▶ **Your objective**:
Beginning with the line that contains "Mavı M0035189345 Marcus", reproduce every line through the end of the records below exactly, and leave the pictures out.

▶ **Records supplied**:
[Start of Attachment]

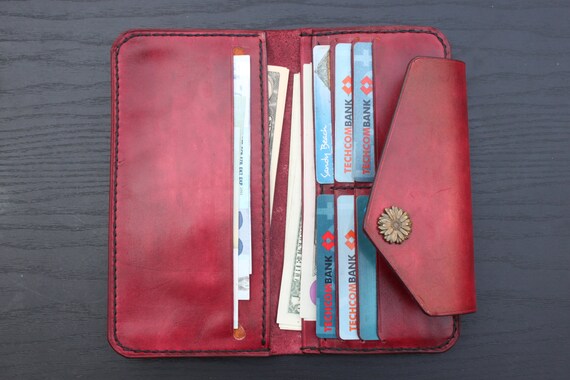 Women Leather Wallet / Personalized Leather Wallet / Handmade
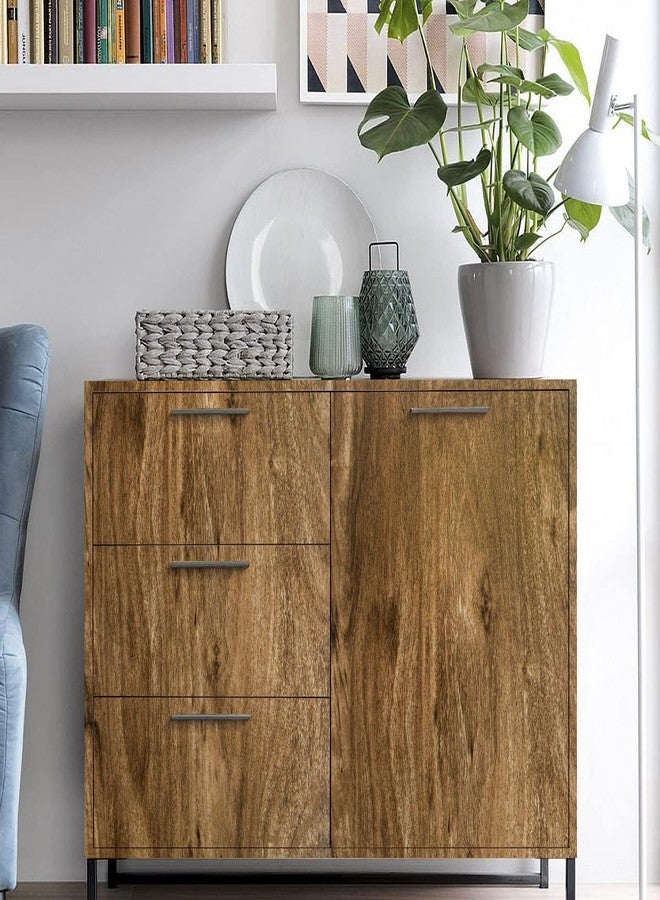 Erfoni Wood Contact Paper Faux Wood Peel and Stick Wallpaper 17.7inch x 78.7inch Brown Wallpaper Peel and Stick Vinyl Wrap for Countertop Wood Grain Wood Self Adhesive Wall Paper - Image 3
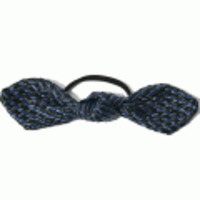 Jennifer Ouellette◆ラフィア&リボンヘアゴム◆ネイビーmix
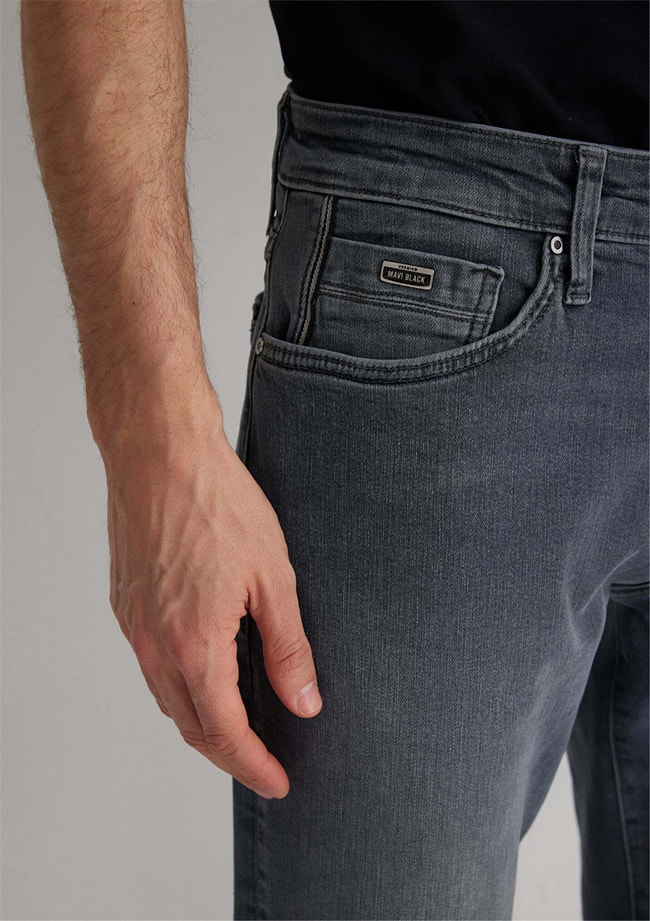 Mavı M0035189345 Marcus Used Blue Grey Mavı Black Erkek Slım Denım Pantolon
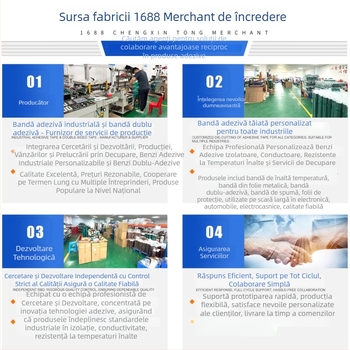 Bandă PTFE de înaltă temperatură cu adeziv siliconic, izolantă, ignifugă, rezistentă la apă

[End of Attachment]

▶ **Response below**:
 Mavı M0035189345 Marcus Used Blue Grey Mavı Black Erkek Slım Denım Pantolon
 Bandă PTFE de înaltă temperatură cu adeziv siliconic, izolantă, ignifugă, rezistentă la apă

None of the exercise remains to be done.